Suppose a large number $n$ of independent Bernoullian trials is performed and $x$ successes are obtained. Suppose we wish to test the hypothesis that probability of success in each trial is $p$, assuming the hypothesis to be correct, the mean and variance of the sampling distribution of the number of success are $np$ and $npq$ respectively. Then for large $n$ $z=({x-np})/{\sqrt {npq}}$ is distributed as a standard normal variate. Hence we get $P(\vert z \vert >3)=0.0027$ Where did the $3$ come from?

Answer 1

It is arbitrary, illustrating the probability with a normal distribution of being more than $3$ standard deviations from the mean in the two tails.

It could have said

• "Hence we get $P(\vert z \vert >2)=0.0455$"
• "Hence we get $P(\vert z \vert >1)=0.3173$"

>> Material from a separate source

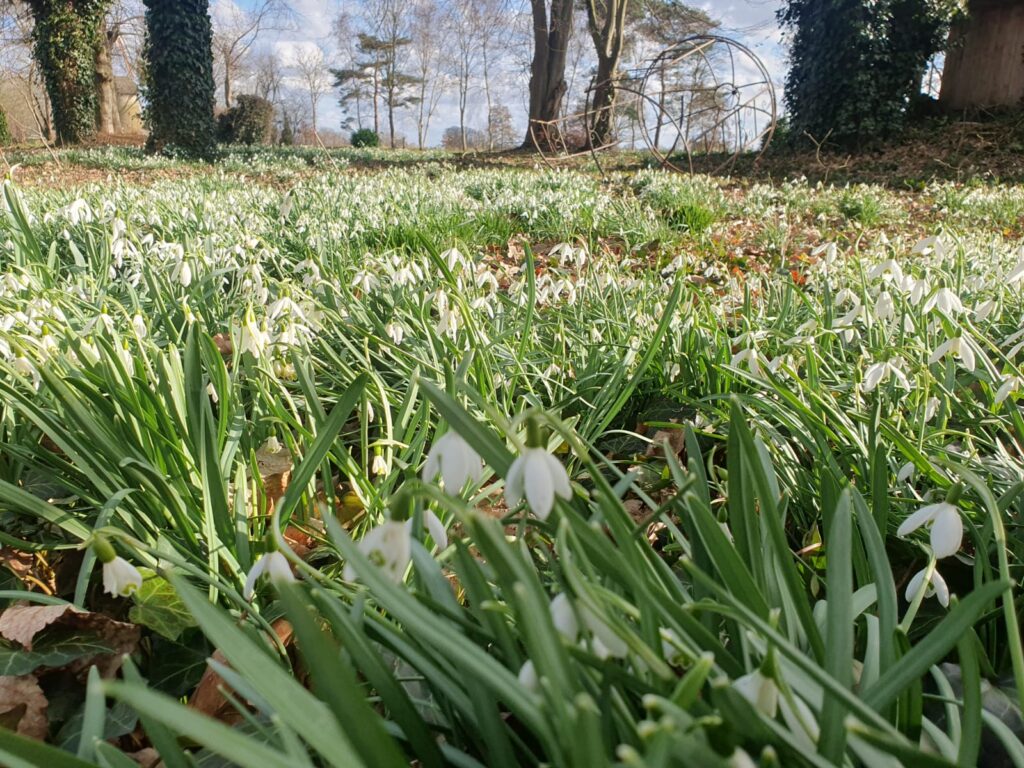 Natuurbeleving en hersenactiviteit 3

or various similar things. This is similar to the so-called 68–95–99.7 rule but with the probabilities of being in the tails rather than the middle of the distribution

Answer 2

This statement uses the normal approximation to a binomial probability, which works well for sufficiently large $n$ and $p$ not too far from 1/2.

The idea is that you will reject the null hypothesis that $p = p_0$ at the 0.3% level if $|Z| > 3.$

For example, if $n = 36$ and $p_0 = 1/2,$ then you would reject $H_0: p = 1/2,$ if you got only $X=1$ Success.

The probability that an observation from a standard normal distribution is in the interval $(-3,3)$ is about 0.997. In R:

diff(pnorm(c(-3,3)))
[1] 0.9973002

Alternatively, perhaps you can find a printed table of the standard normal PDF that goes that far out from $0.$

Also, perhaps google the Empirical Rule.